Analysis of key lactation pathways

Gene sets for analysis were chosen using published reviews of three important developmental stages of the lactating mammary gland. These included the mammary development pathway [12] and the prolactin signalling [14] and involution pathways [25]. We identified 64 genes involved in mammary development, 27 genes involved in prolactin signalling, and 40 genes involved in involution (Tables 1, 2 and 3). The gene families MAP kinase, P13K and frizzled were not included in the pathways since specific genes were not suggested in the reviews and these gene families have a wide range of signalling functions. The genomic location of these genes were determined using UMD3.1 in the NCBI database [26]. The SNPs within the genes of a pathway, or within 100 kb to each side of those genes, were then tested for association with each trait using the model above. The effect of a SNP was determined to be significant at P ≤ 0.05. The GWAS was repeated using other significance thresholds (P < 10−3 and P < 10−5) but 0.05 had the greatest power to detect enrichment (results not shown). The number of SNPs significant for each pathway was expressed as a proportion of the total number of SNPs in that pathway (PropSig).

Table 1 Proportion of significant SNPs for genes in the mammary development pathway and number of SNPs significantly (P < 0.05) associated with each trait
Table 2 Proportion of significant SNPs for genes in the prolactin pathway and number of SNPs significantly (P < 0.05) associated with each trait
Table 3 Proportion of significant SNPs for genes in the involution pathway and number of SNPs significantly (P < 0.05) associated with each trait

To determine if the proportion of significant SNPs observed for each pathway was significantly greater than by chance at an experiment-wise level, distributions under the null hypothesis of no association were constructed with random permutations of the data. A list of 24 617 uniquely annotated bovine genes was created from the Ensembl Biomart database [27, 28]. From this, three sets of genes, each with a length equal to the respective pathway tested were selected at random. SNPs were selected from within and 100 kb surrounding these genes to reflect the moderate to high linkage disequilibrium in Holstein cattle [29, 30]. Each pathway SNP set was analysed in ASReml using the mixed linear model described above. This procedure was repeated 10 000 times to construct null distributions and the 500th highest proportion of significant SNPs was taken at the experiment-wise P < 0.05 threshold. If the observed ratio for a pathway was greater than this value for a particular trait, the pathway was considered significant.

To account for differences in functional clustering of genes in the experimental pathways and in the random control gene sets, we compared the distance between genes on the same chromosome [see Additional file 4: Figure S2]. The experimental and control sets were distributed similarly but, due to the smaller number or paired genes for the experimental pathways, there were fewer gene pairs at long distances across the chromosomes (particularly > 10 Mb).
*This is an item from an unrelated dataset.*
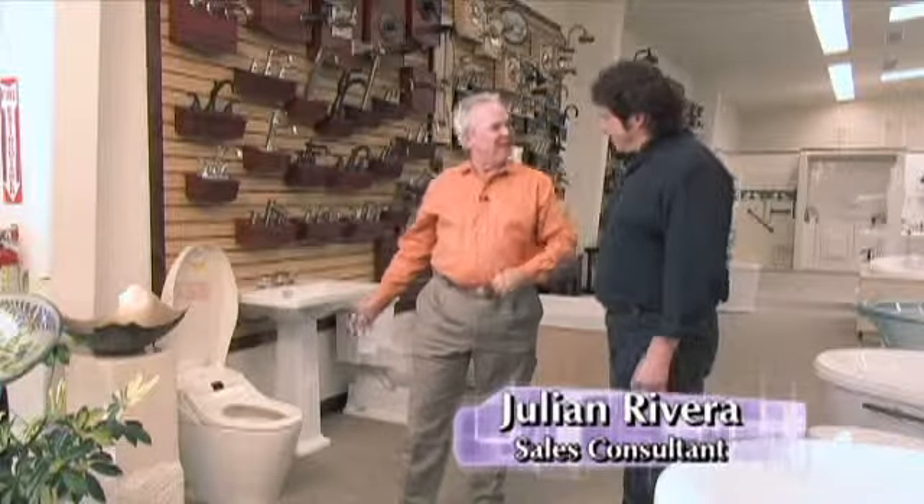Whoa, that's pretty cool. Hi, Richard. Good to see you. The last time we were here, we spent some time talking about the latest and greatest with kitchen sinks and faucets. Today, how about taking our viewers on a bath tour?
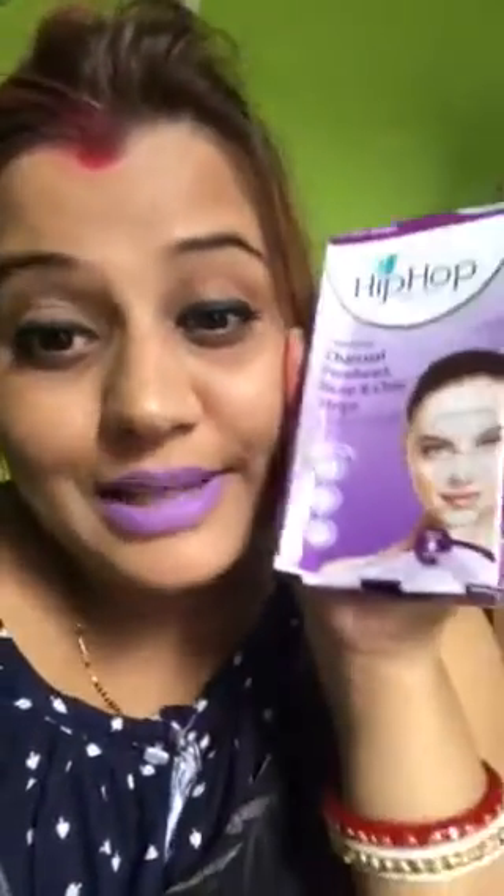The last thing I bought is this Hip-Hop product — I've tried it many times and it's very good and affordable. It's charcoal strips for the forehead, nose, and chin. It's matching my lipstick! It's very good, you can definitely try this.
KEGG annotations were used to determine the gene sets that represented other biological pathways [31, 32].

Finally, a variance component analysis was used to determine whether the SNPs within each pathway explained a greater proportion of the genetic variance than an equal number of randomly selected SNPs from the whole genome. The model fitted was

y = W b + Zg + e ,

where terms were the same as above, and g is a vector of random effects, assumed distributed N 0 , G σ g 2 , where G is a genomic relationship matrix, constructed using the rules of [33]. The genomic relationship matrix was based on the SNPs from each pathway, plus a set of 4000 SNPs randomly selected from the whole genome. The reason for adding the 4000 randomly chosen SNPs was that SNPs in the genes of the pathways are typically clustered by genomic location (i.e. a number of the genes are located in close proximity) [see Additional file 4: Figure S2]. Given the large number of animals in our dataset, this means that a considerable number of animals can have genomic relationships that are equal to or close to 1, i.e. they have inherited the same segments of the genome at all of the locations of the pathway genes. Consequently, the genomic relationship matrix is singular and impossible to invert. Adding 4000 random SNPs removed the singularities and the genomic relationship matrix could be inverted and variance components estimated. However, with the 4000 SNPs included, we could only assess the marginal contribution of adding SNPs in the pathway.

Estimates of the variance components σ g 2 and σ e 2 were obtained from the REML analysis with ASREML [24]. The proportion of variance explained by the SNPs in these pathways was compared to that explained by the same number of randomly chosen SNPs within 100 kb of a gene, i.e. the additional SNPs were chosen to be close to genes, plus the set of 4000 randomly chosen SNPs corresponding to each pathway. Five replicates of the randomly chosen sets were performed to obtain standard errors.

Results

Mammary development pathway

The 64 genes identified in the mammary development pathway included 3968 SNPs (Table 1). When the proportion of significant SNPs, at P < 0.05, (PropSig) was compared to the null distributions, the mammary development pathway was significantly associated with protein percentage (PropSig = 0.340, P < 0.01; Table 4 and Additional file 5: Figure S3). The null distributions compared with the experimental results are shown in Additional file 5: Figure S3, Additional file 6: Figure S4 and Additional file 7: Figure S5. The genes that contained the largest proportion of significant SNPs (> 50% significant SNPs) were the following: AREGB, CASB, DKK1, FGF1, FGF10, GHR, PRLR, SOCS2, STAT5A, STAT5B, TGFB1 and WNT10B (Table 1 and Additional file 8: Table S3 for gene abbreviations).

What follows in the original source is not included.